The second double-barbed iron implement has its butt rusted and broken. Its total length is 111.1 cm, while its maximum span is 9.8 cm.
This double-barbed hunting implement is 42.7 cm in length, including its barbs and the length of its cutting edge is 67 cm. The cutting end is slightly bent towards its pointed end, Sarma said.
The single-barbed hunting implement found at the site is also made of iron and it has the butt end of its handle rusted and broken and its length is 20.4 cm. The total length of the implement is 96.7 cm, while the length of the cutting edge is 75.5 cm and the maximum span of the cutting edge is 4.2 cm.

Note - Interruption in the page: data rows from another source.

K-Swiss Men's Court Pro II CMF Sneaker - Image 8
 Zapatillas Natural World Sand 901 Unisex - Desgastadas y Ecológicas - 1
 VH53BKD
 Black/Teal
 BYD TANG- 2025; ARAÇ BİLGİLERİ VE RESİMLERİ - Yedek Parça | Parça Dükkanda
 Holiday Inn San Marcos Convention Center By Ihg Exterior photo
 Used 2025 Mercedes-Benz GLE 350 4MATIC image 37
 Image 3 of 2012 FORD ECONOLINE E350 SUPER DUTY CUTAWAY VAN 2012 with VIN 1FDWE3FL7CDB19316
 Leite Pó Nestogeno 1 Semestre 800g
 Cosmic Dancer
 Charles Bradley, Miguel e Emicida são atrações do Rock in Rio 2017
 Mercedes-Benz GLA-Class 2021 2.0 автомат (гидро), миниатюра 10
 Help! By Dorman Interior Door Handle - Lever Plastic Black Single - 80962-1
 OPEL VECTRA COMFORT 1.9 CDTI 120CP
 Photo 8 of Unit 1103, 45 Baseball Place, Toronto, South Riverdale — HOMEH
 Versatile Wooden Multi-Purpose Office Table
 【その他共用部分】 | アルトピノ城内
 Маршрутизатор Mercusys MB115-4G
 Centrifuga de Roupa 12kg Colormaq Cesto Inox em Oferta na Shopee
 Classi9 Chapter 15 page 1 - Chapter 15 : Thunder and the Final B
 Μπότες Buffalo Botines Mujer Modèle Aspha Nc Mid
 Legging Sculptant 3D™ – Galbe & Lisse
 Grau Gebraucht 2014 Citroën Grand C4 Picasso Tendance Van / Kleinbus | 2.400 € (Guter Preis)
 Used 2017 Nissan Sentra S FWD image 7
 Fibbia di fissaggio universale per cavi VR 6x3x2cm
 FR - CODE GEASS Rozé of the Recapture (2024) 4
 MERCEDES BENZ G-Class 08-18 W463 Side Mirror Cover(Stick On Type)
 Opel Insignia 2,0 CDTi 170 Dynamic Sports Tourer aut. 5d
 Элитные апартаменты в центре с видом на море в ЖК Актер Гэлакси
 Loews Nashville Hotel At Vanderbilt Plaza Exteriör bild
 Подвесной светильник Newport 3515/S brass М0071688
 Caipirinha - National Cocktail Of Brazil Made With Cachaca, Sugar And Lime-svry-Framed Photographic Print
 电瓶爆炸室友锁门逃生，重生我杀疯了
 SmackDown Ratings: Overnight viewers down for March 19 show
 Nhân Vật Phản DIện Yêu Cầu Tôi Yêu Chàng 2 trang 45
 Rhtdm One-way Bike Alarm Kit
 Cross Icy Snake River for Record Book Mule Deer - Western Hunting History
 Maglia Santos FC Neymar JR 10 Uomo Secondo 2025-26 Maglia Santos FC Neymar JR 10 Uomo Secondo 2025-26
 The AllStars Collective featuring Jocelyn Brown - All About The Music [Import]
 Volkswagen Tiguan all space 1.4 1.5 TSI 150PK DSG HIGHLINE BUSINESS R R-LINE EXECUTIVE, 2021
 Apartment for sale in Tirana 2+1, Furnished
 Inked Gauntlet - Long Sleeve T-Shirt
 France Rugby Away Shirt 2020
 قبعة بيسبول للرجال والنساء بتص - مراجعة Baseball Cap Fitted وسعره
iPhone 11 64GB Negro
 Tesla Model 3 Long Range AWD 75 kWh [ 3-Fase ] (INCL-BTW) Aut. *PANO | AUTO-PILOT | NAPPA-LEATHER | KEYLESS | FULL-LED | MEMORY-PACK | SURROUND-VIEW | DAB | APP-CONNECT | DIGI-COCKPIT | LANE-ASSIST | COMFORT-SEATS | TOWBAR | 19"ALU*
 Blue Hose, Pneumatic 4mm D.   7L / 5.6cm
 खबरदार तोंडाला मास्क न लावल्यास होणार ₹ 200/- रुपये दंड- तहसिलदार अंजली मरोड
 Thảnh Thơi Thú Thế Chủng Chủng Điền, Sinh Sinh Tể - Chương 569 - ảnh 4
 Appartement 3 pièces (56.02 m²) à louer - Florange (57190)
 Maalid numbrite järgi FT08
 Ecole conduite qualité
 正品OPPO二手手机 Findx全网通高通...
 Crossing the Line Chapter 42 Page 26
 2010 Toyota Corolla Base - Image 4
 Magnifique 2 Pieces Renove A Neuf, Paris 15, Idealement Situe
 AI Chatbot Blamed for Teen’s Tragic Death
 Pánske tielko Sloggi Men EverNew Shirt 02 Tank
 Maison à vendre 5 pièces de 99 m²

An iron spear head with an iron handle was also found at the site. The total length of the spear is 65.9 cm, while the length of the spear head is 34.1 cm and the length of its handle is 32.1 cm. The maximum span of the spear is 4.7 cm.
Another iron spear found at the site measures 68 cm in length and its spear head is 36.6 cm in length. Its handle is 31.4 cm long and the maximum span of the spear is 4.7 cm in its middle, Sarma said.
However, all the pointed ends and cutting edges of the above implements are in good condition and the rusting intensity of the implements is of average standard, she said.
The broken earthen pots found at the site are wheel-made and one of them has carination just below its broken upper part, Sarma said.